Darcy isn’t returning either. Her parents enrolled her in an online learning program for her senior year; I offered to help her with any English assignments. We keep in touch through text. No one thinks I’m crazy anymore, but she’s the only person who really understands what happened that day.
“So, Evergreen Mist or Cobalt Tide?” Danny lifts two paint swatches, waiting on an answer. We’ve debated for weeks which color we should paint the walls of our guest room, which is now being repurposed as a nursery.
“Try both,” I say, sitting in the wooden rocker. It’s the only furniture in the room. We’ve bought loads more but won’t arrange it until the painting is complete.
“Okay. Get going,” Danny says from his seated position on the floor. He looks up and smiles.
“I think I’ll be all right.” I plant my heels and rock back.
“You will,” he says. “But the baby doesn’t need to be around fumes.”
“You’re putting swatches on the wall. There’s not enough paint to bother him.” I rub my stomach, which seems to have doubled in size this past week. “Besides, he’s a fighter.” This baby has already withstood a hit to my head and the fight with Zoey.

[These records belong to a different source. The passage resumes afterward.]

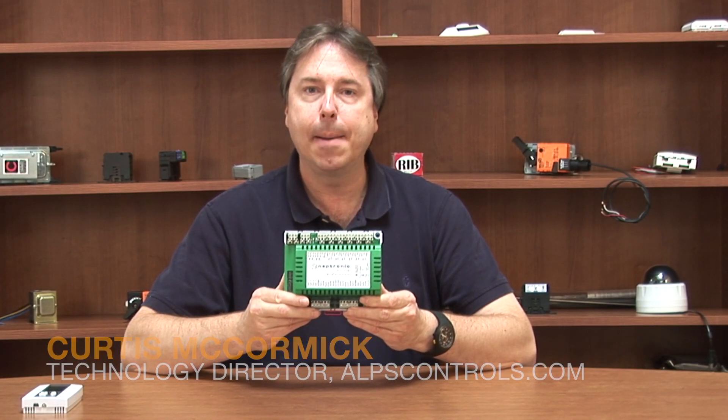Hey everyone, I'm here to show you a device from Neptronic. This is their CMMB — it's their BACnet remote I/O board.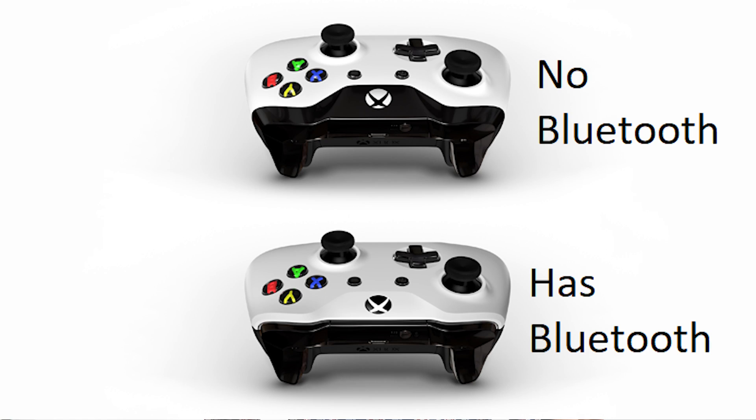The easiest way to tell is by looking at this picture that I posted up. The version of the controller with the entire front facing panel the exact same color all around means it supports Bluetooth capability. If the faceplate is one type of color and material design and is different from the surrounding area where the Xbox button is, then it will not support Bluetooth capability and you're out of luck.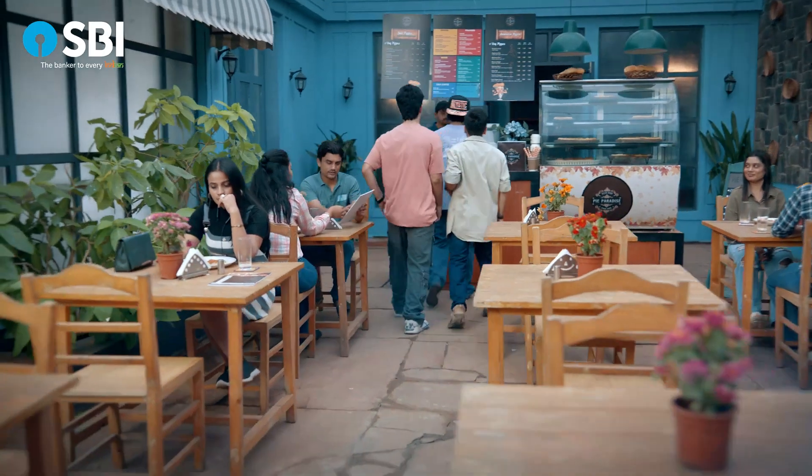Tap and pay and make your way. Sir, it's done. It's done? Excuse me. Three minutes, sir.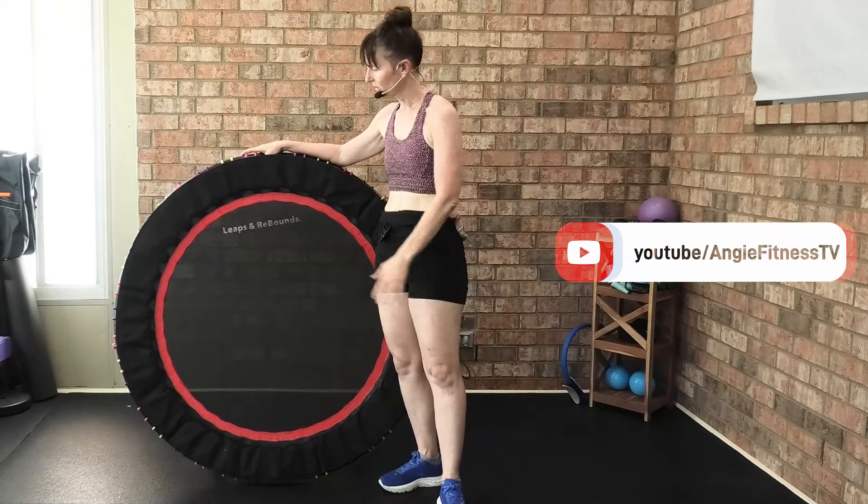Welcome guys, my name is Angie — Angie Fitness TV — and I'm going to do a quick review of the Leaps and Rebounds rebounder. I have some older reviews and I just wanted to update with a new review.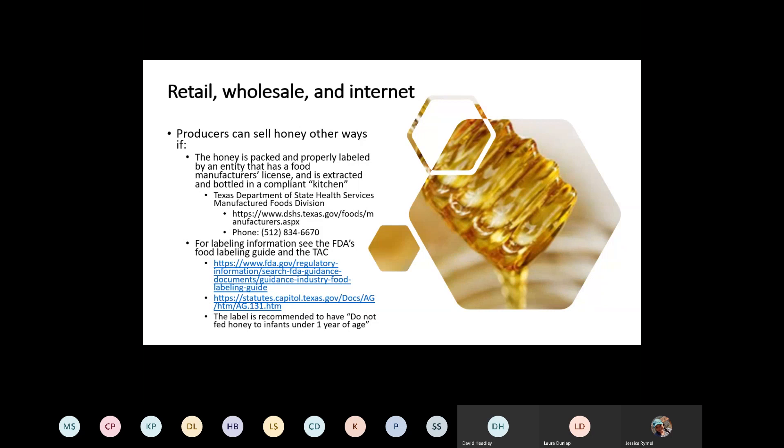You may have to go through the FDA and register your operation, because some of those products become almost a cosmetic-type product regulated through the drug and medical devices sector of Texas Department of State and Health Services. So once you start making those claims, you really have to pay attention to guidelines, permits, licenses, and labeling requirements. One thing I did want to highlight: it's recommended — though not required at this level — that you put on the label a statement not to serve honey to infants under one year of age, due to the risk of infant botulism. Honey is a known source for botulism spores.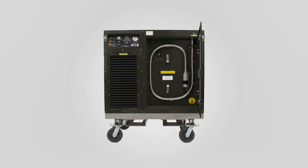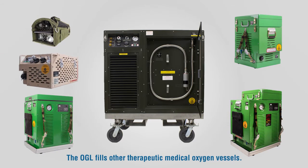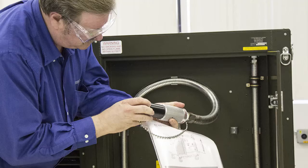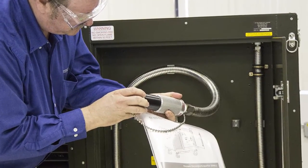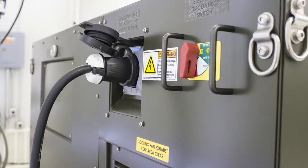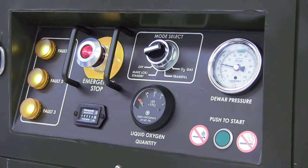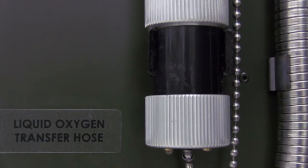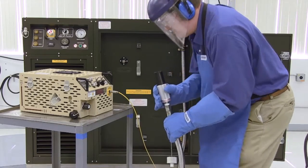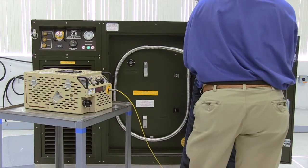In the transfill mode, the OGL is capable of transferring LOX into storage devices and portable systems, such as the BMOS, M-MOS, BMOS filling station, PT LOX, and NPT LOX. The liquid oxygen transfer hose supplied with the unit has a CGA 59E female filler valve, capable of mating with CGA 50A fill valves. To transfer liquid oxygen, check to make sure power is connected to the OGL and the emergency stop light on the control panel is illuminated. Remove the liquid oxygen transfer hose from the clips and remove the cap on the filler valve. Inspect the filler and mating valves to be sure they are free of debris, grease, and moisture. Clean with a lint-free cloth if necessary.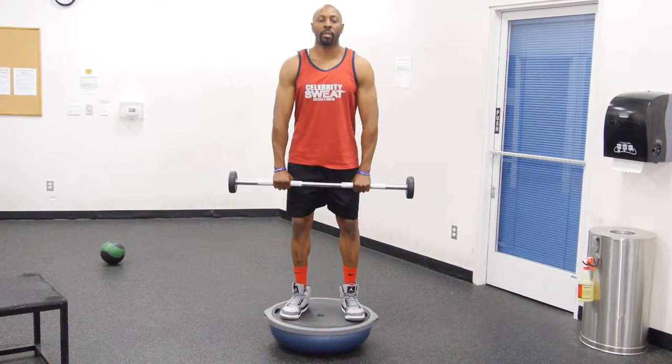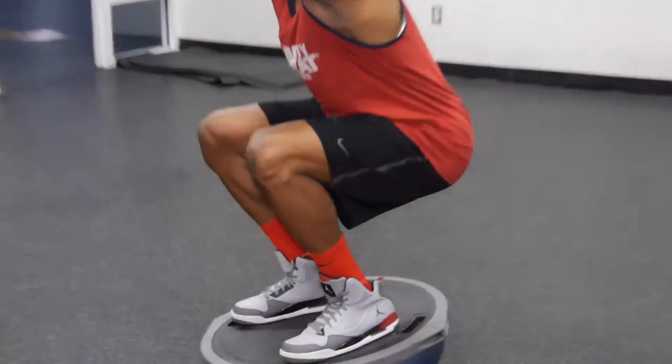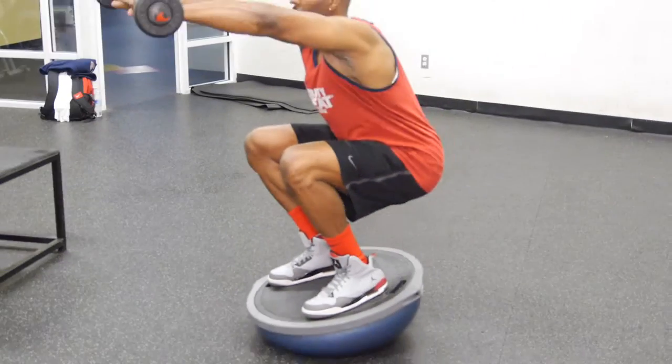It's going to work your hamstrings. It's going to work your quads. It's going to work your calves. And you definitely have to contract your core area as well as working on your balance. He's making it happen right here in the gym on Celebrity Sweat.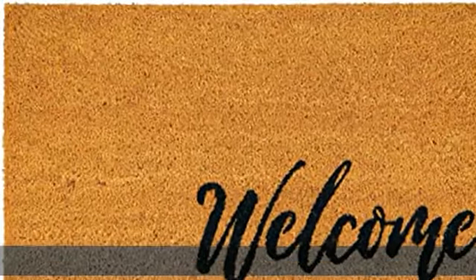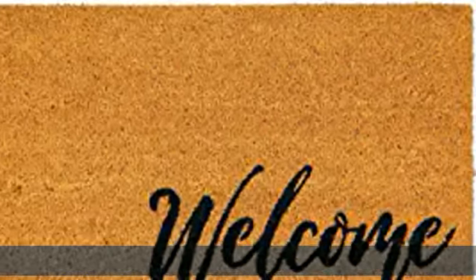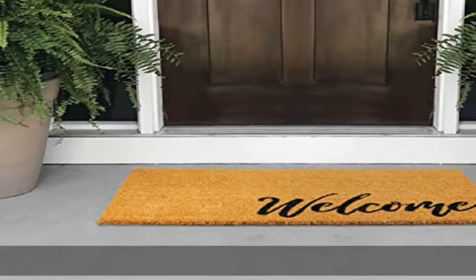Quality construction — made of 100% natural coir fibers with a durable non-slip backing. Easy care: clean with a damp cloth and allow to air dry. Thoughtfully sized, measuring 17 inches long by 30 inches wide.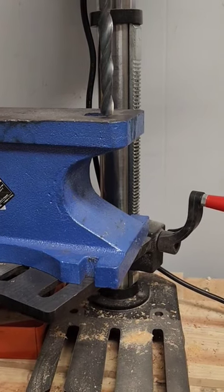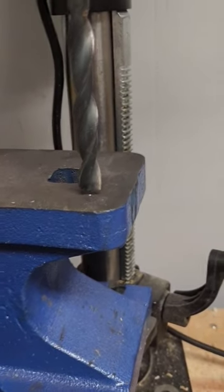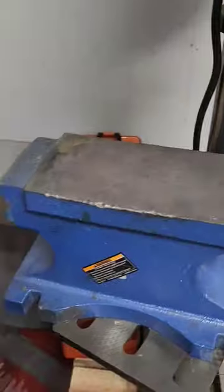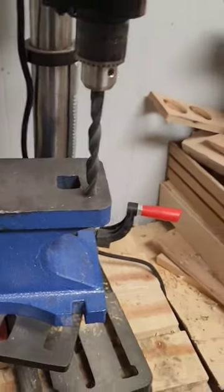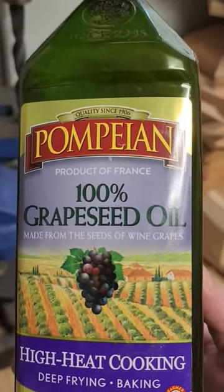I've decided that I need a pritchell hole on the back of this old Harbor Freight Anvil I bought a long time ago. She's set up in the drill press and we're going with a half inch pritchell hole because that's the biggest bit I own. On a side note, our oil of choice to keep things cool will be grapeseed oil — it's all I have on hand.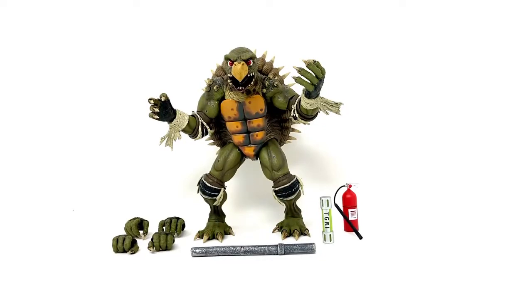Hey everybody, I'm back again with another toy review. This time it is the NECA Teenage Mutant Ninja Turtles Secret of the Ooze Toka figure, based on the design by the Jim Henson Creature Shop, which is probably my favorite figure that NECA has made so far. I'd say that Razor is probably a close second. Maybe the recent Toon Baxter Stockman — that figure is pretty awesome too. Metalhead is pretty awesome too. But yeah, this is definitely my favorite figure.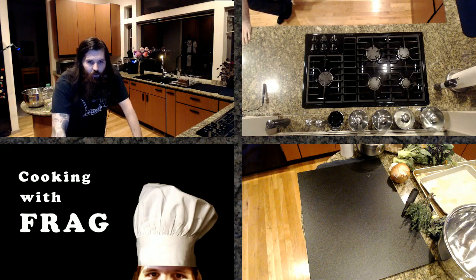Greetings everybody, hope everyone's having a great day. I'm very excited for today's cooking with Frag. Thank you, thank you Ashley. Time for the cooking.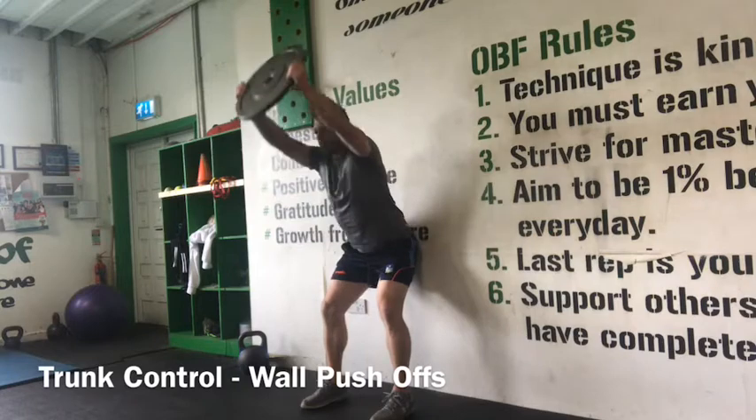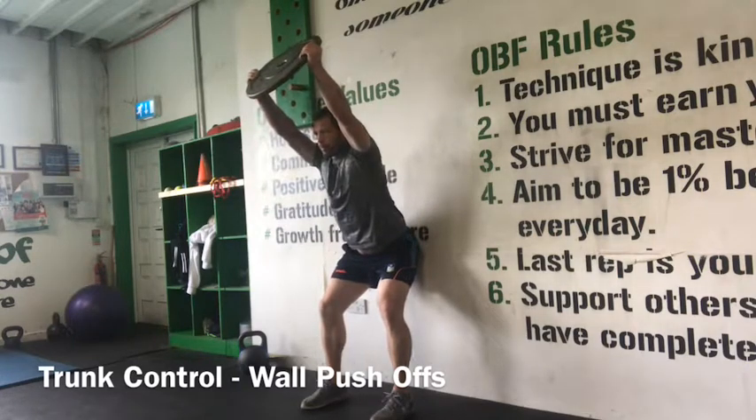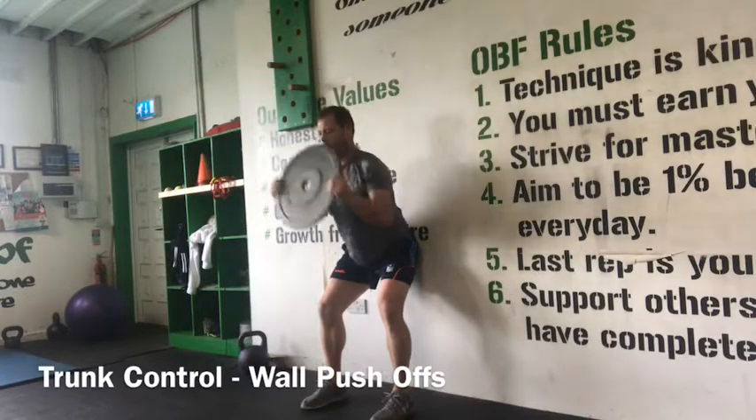Start with your feet 6 to 8 inches out from a wall. Perform a hip hinge with your glutes touching the wall. From there, have a plate in both hands.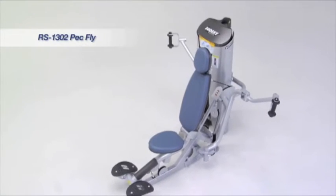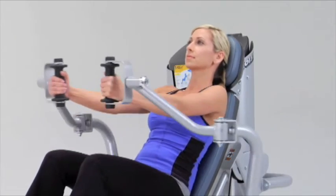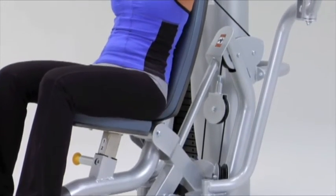The ROCKET selectorized PECFLY starts with the exercise handles positioned at the upper chest. Then ROCKET's technology moves the body to the rear, recruiting mid and lower chest muscles for a more complete exercise movement.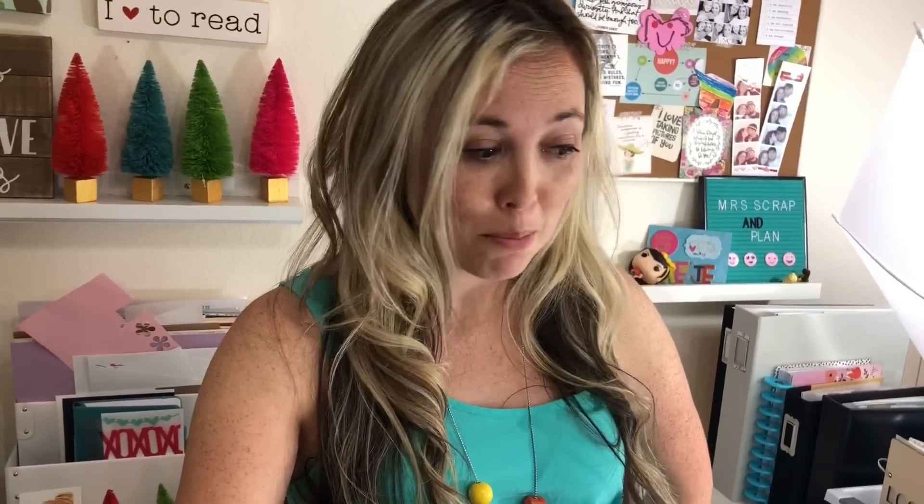Hey everyone, this is Sabrina, Mrs. Scrap and Plan, as most of you know. I'm gonna do a creative tour. I've been putting it off and putting it off, waiting to see if I can get my space perfect, but my space is never gonna be perfect. I am a messy scrapbooker, crafter, planner, and so this is about as good and as clean as it can be.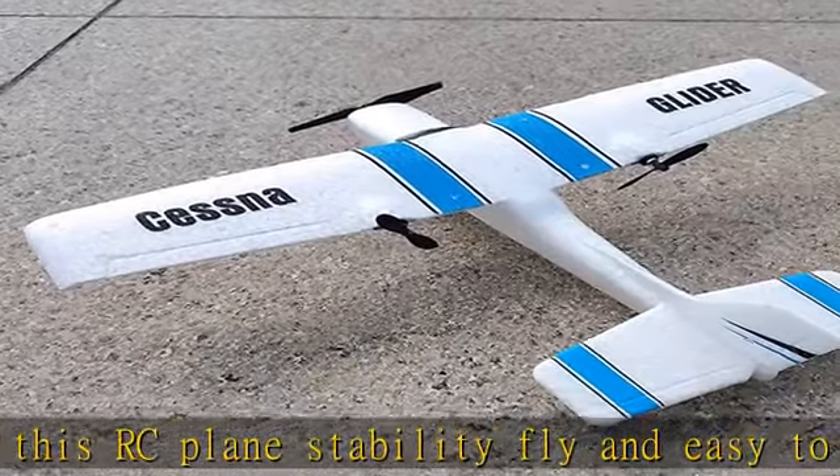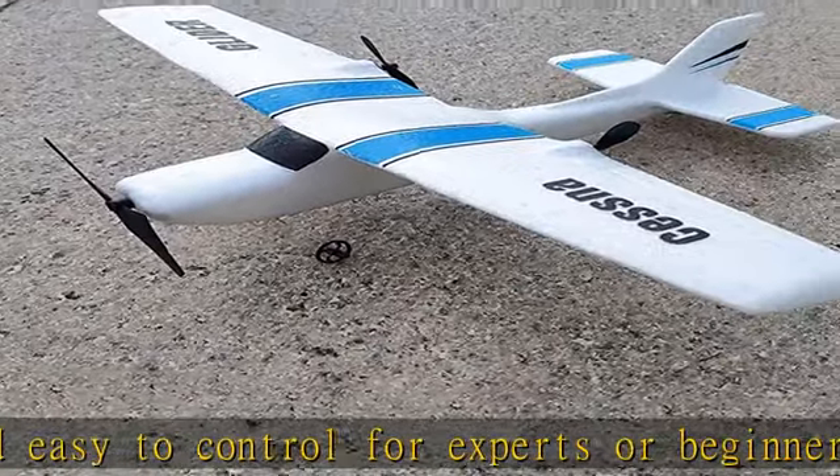The plane comes with a LiPo rechargeable battery. The controller needs two AAA batteries, not included. Get this product today at the best price.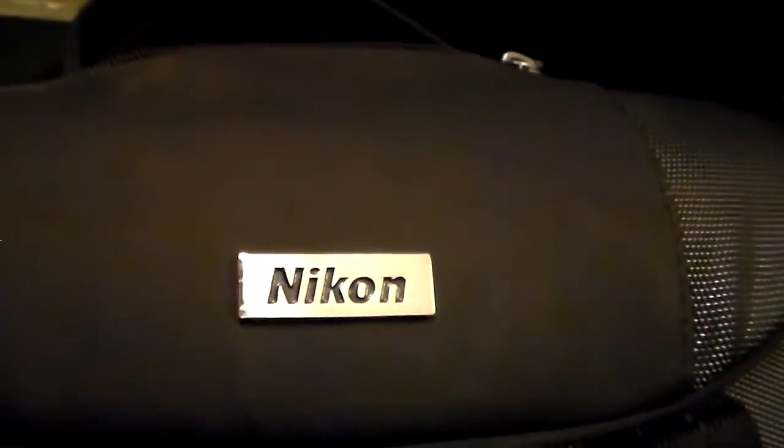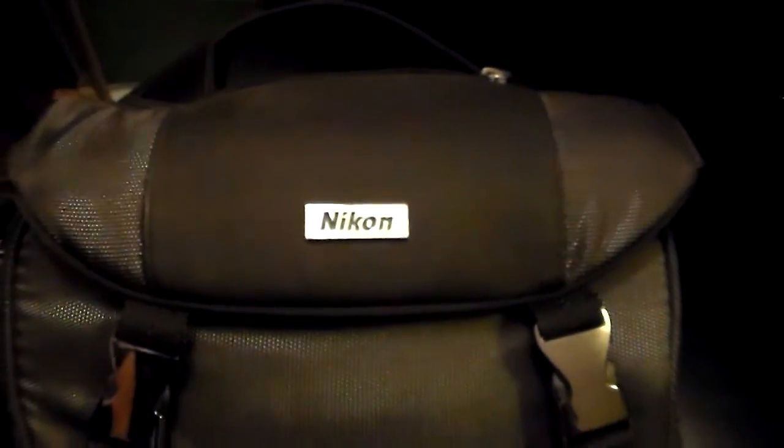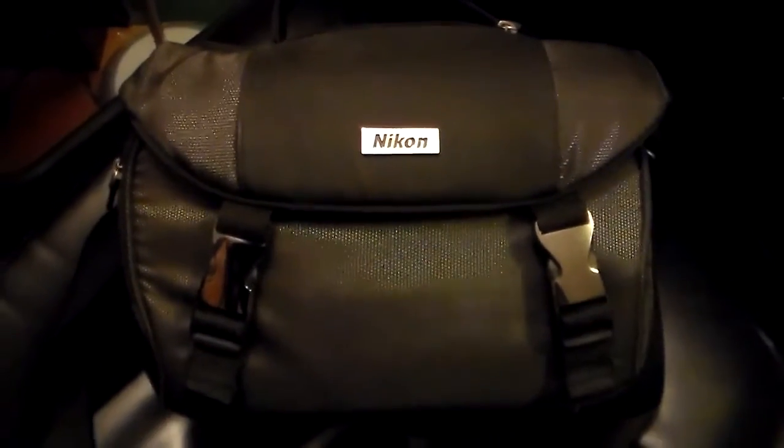The first thing I'm going to show you guys is the carrying case that came with my camera. I got the camera as a bundle — it came with two lenses, a carrying case, and a protective case for the 300mm lens. This is the carrying case itself. It's a Nikon-made case with two pockets for the lenses. It's a really well-made case. I used it for the first year at the auto show when I went for the 2012 auto show.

Zoey. She never walked out of the pool that day. Sometimes I can still see her floating in the water, her black hair branching outward. She was close. I only needed to take a few steps to touch her, and yet I didn’t. I let her stay. I let her drown.
It was what Darcy wanted. In the moment, she was fueled by learning that Zoey had attacked her. That Zoey manipulated her in the weeks following Spring Fling. Darcy made a rash decision with a teenaged mind. I was the one who could have stopped it. I was the one who could have saved her.
Police were suspicious at first. However, it didn’t take much digging for them to piece together what had happened. Darcy and I gave them our account. We confirmed she attacked both of us. Then I told them everything else I’d uncovered. For once, someone took what I had to say about Zoey seriously and investigated.
They eventually strung together a parade of evidence. As I’d suspected, the emerald cross on Darcy’s keychain belonged to Abigail Morrison. She’d been known to wear the necklace almost daily, and her mother was always disturbed that it wasn’t recovered with the body. After that, they found more proof: DNA and cell phone data pinging Zoey’s location around the time Abigail went missing.
They found journals, too. The essay she wrote wasn’t her first account of what happened with Darcy. She liked to relive her attacks through writing, providing details only she could know. Within days, police stopped asking questions about what happened at the pool. Ms. Peterson was released, eventually leaving Victory Hills and her own collection of secrets behind.
And yet, my questions still linger. Did I do the right thing? Should I have given Zoey a chance? Had Zoey been my child, would I have wanted someone to save her? I think of Brian, and his sad, hypnotic eyes behind the glass on the last day I visited him. His final words. I wouldn’t have stopped. I don’t think Zoey would have stopped either. I cling to that.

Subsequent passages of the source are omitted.